The primarily modernist complex was designed by James Polshek's Polshek Partnership Architects, led by Polshek and partner Richard Olcott. The structural engineer for this project was Leslie E. Robertson Associates. The museum and exhibitions were designed by Ralph Appelbaum Associates, with landscaping by Hargreaves associates. Clinton did not announce his choice of architect until 1999, when Polshek was officially hired that August. Although Appelbaum was the official designer for the exhibitions, Appelbaum called Clinton "the editor-in-chief, the curator-in-chief and in many times the art director of the exhibits".

It is constructed primarily of steel and glass. The main building is based on the diagonal truss. Originally, the museum was planned parallel to the river, but was quickly changed so it would lie perpendicular to the river, for the purpose of providing a better view to visitors. The western façade of the museum is a screen wall composed of laminated glass tiles, providing a sunscreen for the building. The underside is constructed of aluminum. Some critics dislike the bridge design, saying it looks too much like a trailer on stilts.

===Environment===
The library incorporates many aspects of environmentally-sensitive design, in accordance to Clinton's work involving sustainable development. It first earned a Silver Leadership in Energy and Environmental Design (LEED) certification under the United States Green Building Council LEED for New Construction program in 2004 and later Platinum Certification under LEED-EB (LEED for Existing Buildings) in 2007. The library's flooring is made of recycled rubber tires and there are charging stations for electric vehicles in the parking lot. In 2007, a rooftop garden was established atop the library, in addition to existing solar panels. The garden collects runoff and is maintained without the use of gasoline-powered lawn mowers and chemical pesticides or fertilizers.

==Economic impact==
After the location for the project was announced, many new businesses began to develop in the surrounding area. Numerous hotels, restaurants, housing complexes, offices, retail stores were established. The revived River Market district, a dining and retail area near the library, was created as a result of its location. In addition, over $1 billion of new real estate has been invested in downtown Little Rock. The world headquarters of Heifer International is located just beyond the library.

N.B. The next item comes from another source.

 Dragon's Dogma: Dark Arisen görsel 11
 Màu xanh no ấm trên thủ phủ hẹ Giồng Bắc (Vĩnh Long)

The center has spurred an estimated $2 billion in new projects in the surrounding parts of Little Rock. Since its opening, the library has had over 1.64 million visitors. The museum had 302,583 visitors in 2009 and 273,108 visitors in 2008. There were approximately 500,000 visitors during its first year (November 2004 – 2005).

===Student outreach===
The Clinton Presidential Center offers free admission to school groups, homeschool groups, and other school personnel with a reservation.

The center also offers four free-admission days annually in celebration of Presidents' Day, the Fourth of July, President Clinton's birthday, and the anniversary of the Clinton Center's grand opening.